Matthew 3:13-17
No one likes to wait in line, whether it be at the drive thru, the grocery store, the doctor’s office, or even for supper at the church on Wednesday night. When I have been asked: “Preacher, what do you think hell is like?” I have often responded: “I think it’s like waiting in line. It’s like one long, hot crowded line.”
It’s why we go to Busch Gardens on a weekday, make the reservation at our favorite restaurant, and always, always, schedule an appointment with the DMV. It’s why we love the self-checkout lanes at Kroger, online banking, and the ability to pay for our gas at the pump.
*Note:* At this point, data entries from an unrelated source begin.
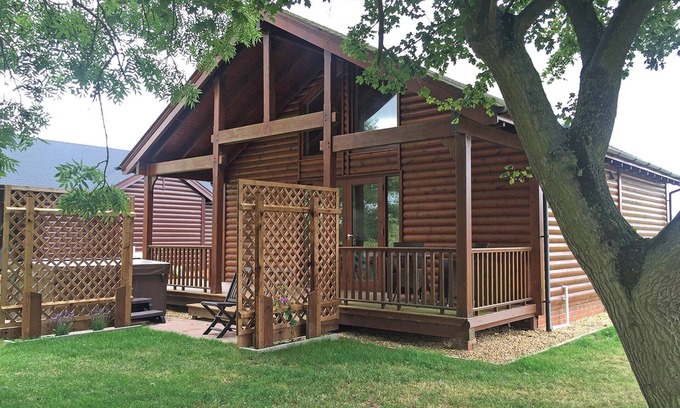 Upwood Ski Chalet | Modern yet rustic designed lodge, ideal for families or couples.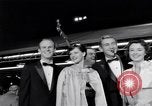 Standbild Mein Mann Godfrey film Premier Los Angeles California USA, 1957, aus Sekunde 21 historischem Filmmaterial Videoclip 65675037998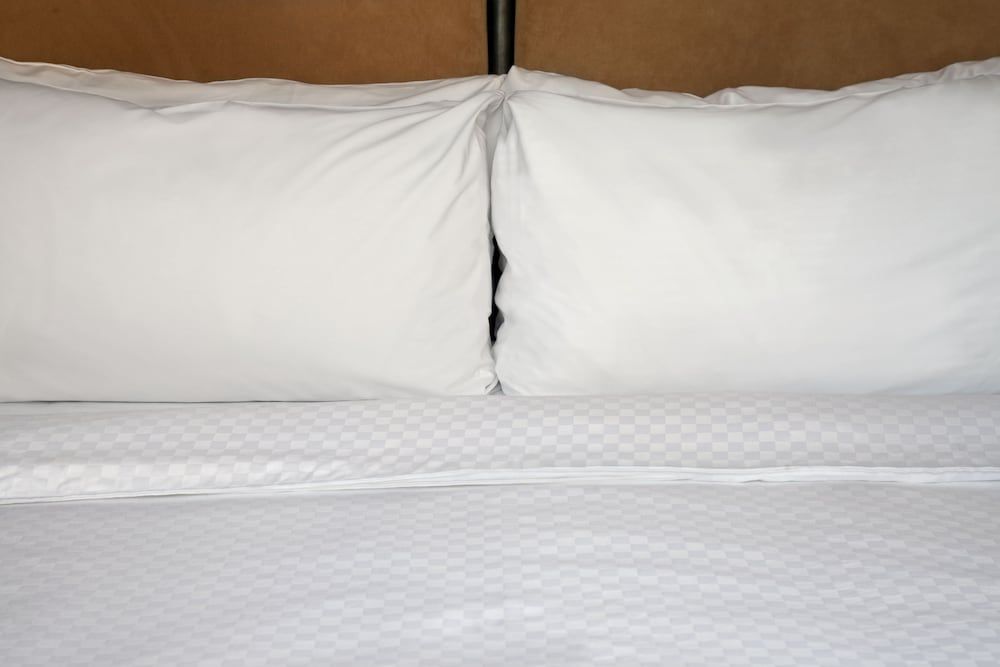 Four Points by Sheraton Saskatoon 2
That’s why we might find it crazy to discover that this is how Jesus began his public ministry. He doesn’t start with a miracle. He doesn’t open with a prayer or even begin with a sermon. He gets the whole thing started by standing in line.
Matthew tells us that Jesus comes from Galilee to the Jordan to be baptized by John. It’s hard to imagine how long that line was, as we read in verse five that “Jerusalem, and all Judea, and all the region around the Jordan, were going out to John” to be baptized.
I wonder how long Jesus waited in that line—the people he met, the conversations he had.
When Jesus finally gets to the front of the line, John scratches his head. For John knows his role. He knows who Jesus is. And he knows the script saying, “Jesus, this is crazy, you should be baptizing me!”
But Jesus refuses the script: “Let it be so now,” Jesus says, “for it is proper for us in this way to fulfill all righteousness.”
Which is Matthew’s eloquent of saying: “This is how God likes to do things.”
God does not look down on the creation from some lofty throne, watching us from a distance, as Bette Midler used to sing. God gets in line beside us.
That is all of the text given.